[Web page caption snippets]
....
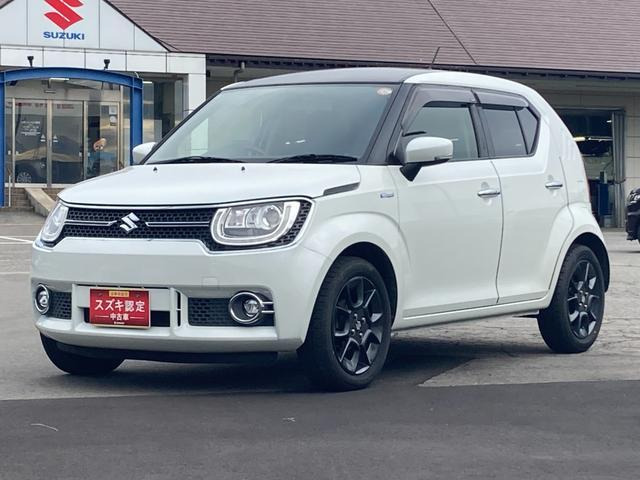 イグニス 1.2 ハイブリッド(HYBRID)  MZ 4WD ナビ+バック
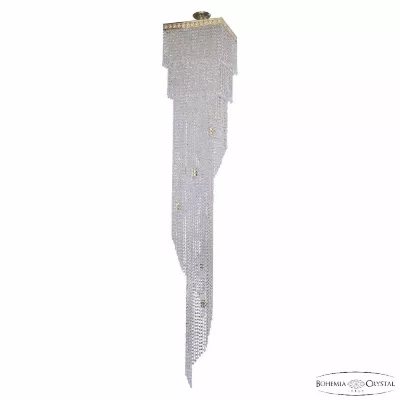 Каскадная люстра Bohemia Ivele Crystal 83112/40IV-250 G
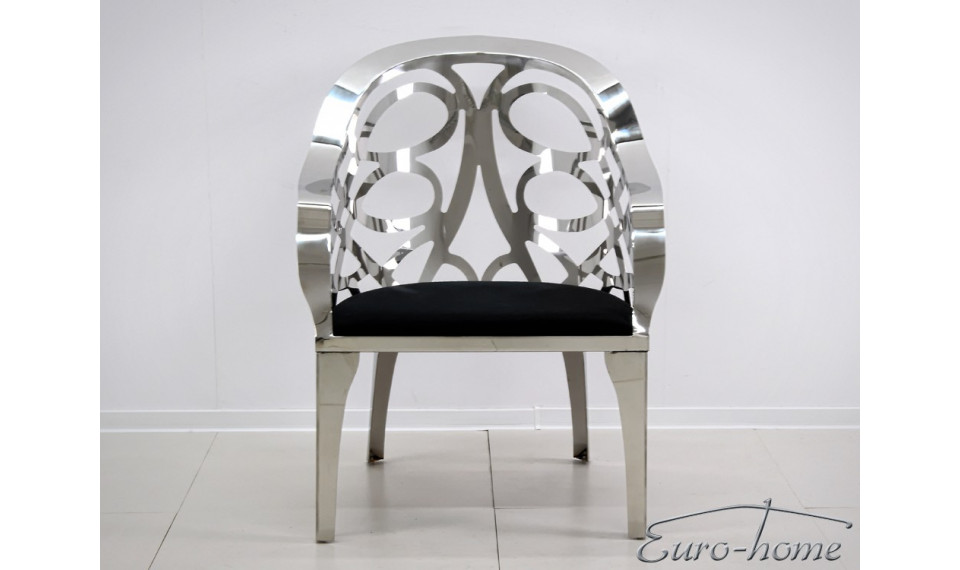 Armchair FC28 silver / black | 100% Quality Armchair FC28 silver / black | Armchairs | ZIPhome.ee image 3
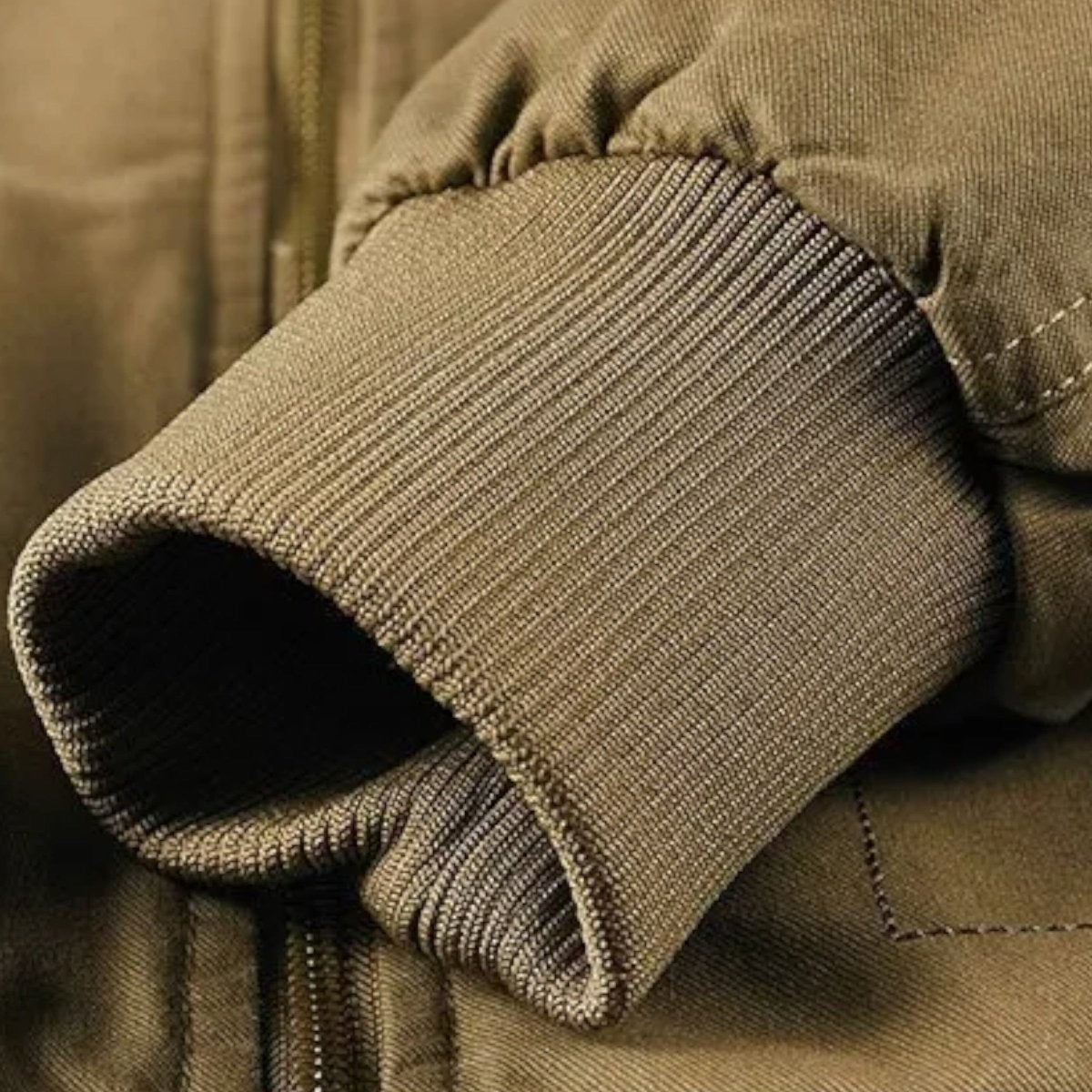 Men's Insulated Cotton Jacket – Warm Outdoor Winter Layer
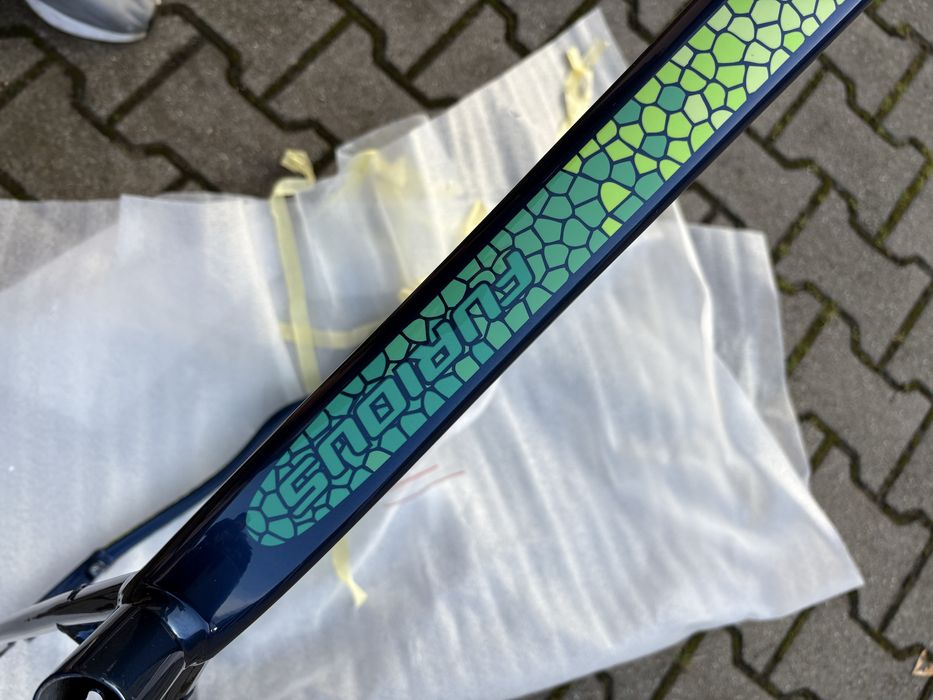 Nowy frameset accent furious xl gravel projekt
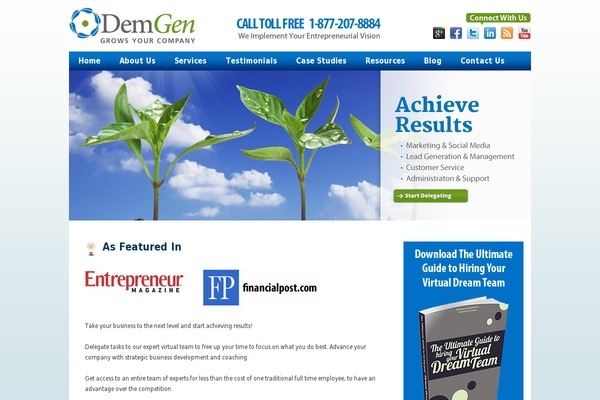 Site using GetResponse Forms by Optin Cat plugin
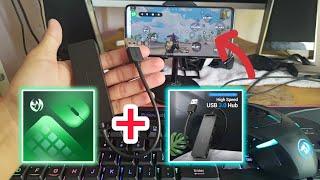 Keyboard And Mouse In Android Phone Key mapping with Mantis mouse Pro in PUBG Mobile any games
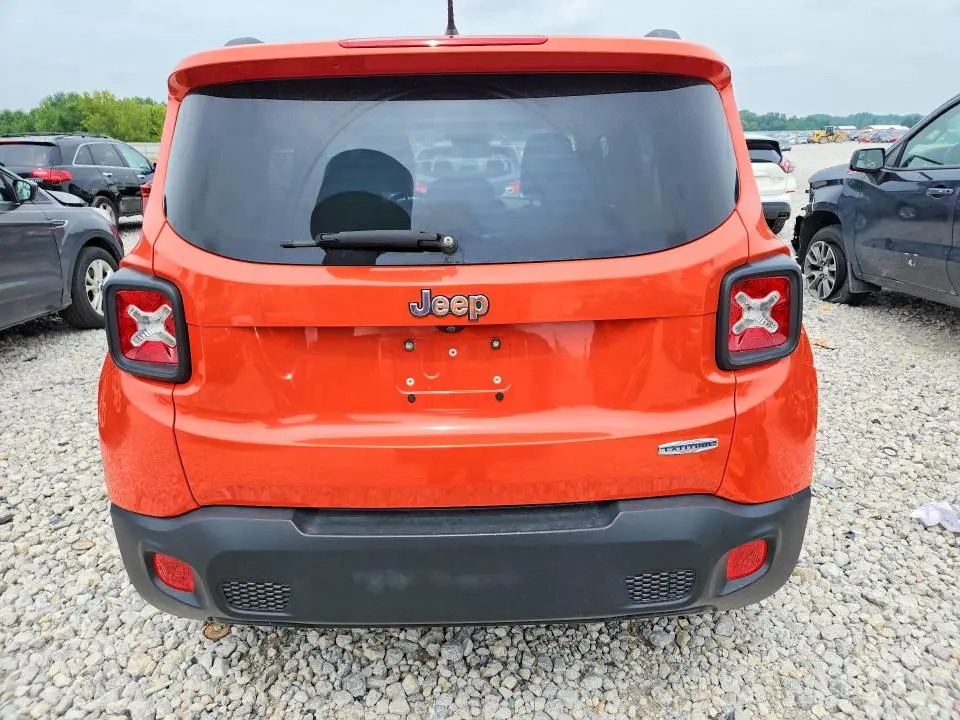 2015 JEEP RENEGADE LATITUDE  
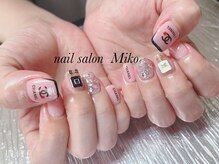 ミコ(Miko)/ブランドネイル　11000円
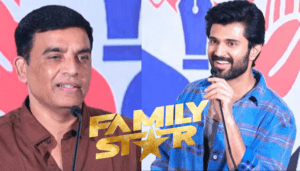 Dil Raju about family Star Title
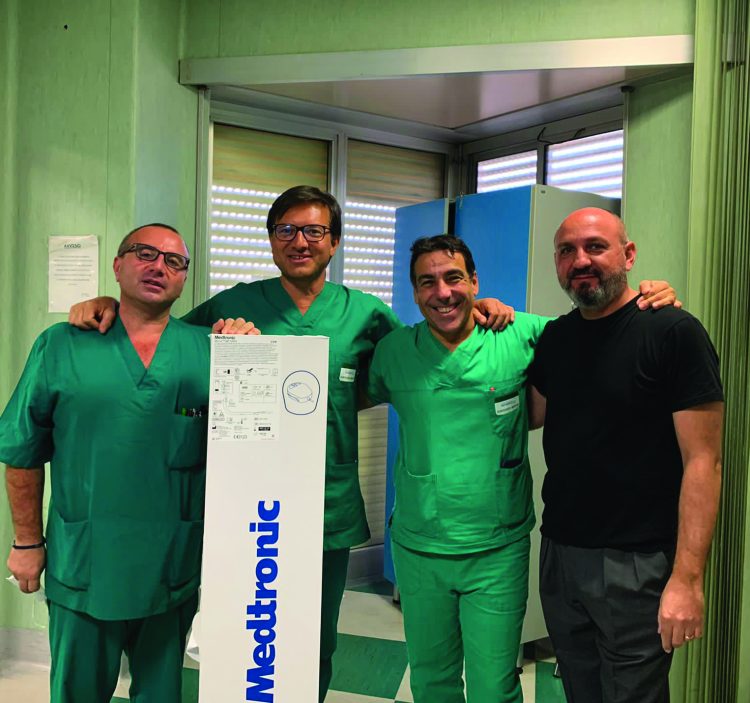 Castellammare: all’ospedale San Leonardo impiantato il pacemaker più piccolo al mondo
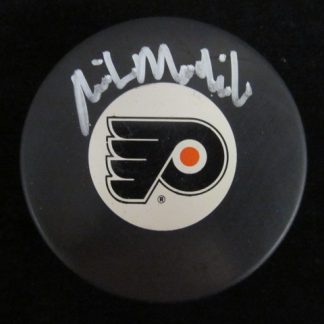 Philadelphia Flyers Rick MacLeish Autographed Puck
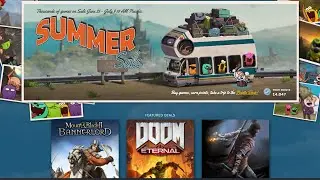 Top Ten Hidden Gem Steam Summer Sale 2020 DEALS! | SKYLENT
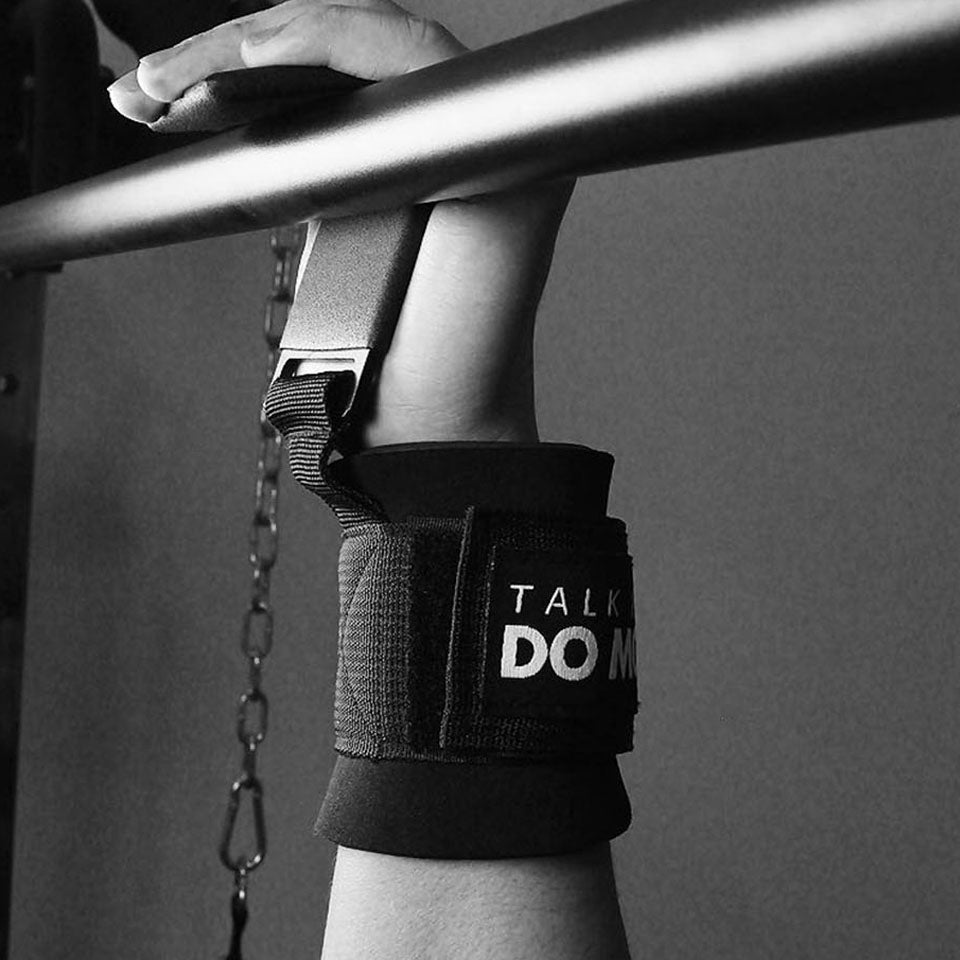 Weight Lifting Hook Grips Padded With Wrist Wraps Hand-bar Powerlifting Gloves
....
(What this task involves):
Print again, exactly, the lines of the records above from the first line through the line with "Top Ten Hidden". No pictures.

(Solution to this exercise):
 イグニス 1.2 ハイブリッド(HYBRID)  MZ 4WD ナビ+バック
 Каскадная люстра Bohemia Ivele Crystal 83112/40IV-250 G
 Armchair FC28 silver / black | 100% Quality Armchair FC28 silver / black | Armchairs | ZIPhome.ee image 3
 Men's Insulated Cotton Jacket – Warm Outdoor Winter Layer
 Nowy frameset accent furious xl gravel projekt
 Site using GetResponse Forms by Optin Cat plugin
 Keyboard And Mouse In Android Phone Key mapping with Mantis mouse Pro in PUBG Mobile any games
 2015 JEEP RENEGADE LATITUDE  
 ミコ(Miko)/ブランドネイル　11000円
 Dil Raju about family Star Title
 Castellammare: all’ospedale San Leonardo impiantato il pacemaker più piccolo al mondo
 Philadelphia Flyers Rick MacLeish Autographed Puck
 Top Ten Hidden Gem Steam Summer Sale 2020 DEALS! | SKYLENT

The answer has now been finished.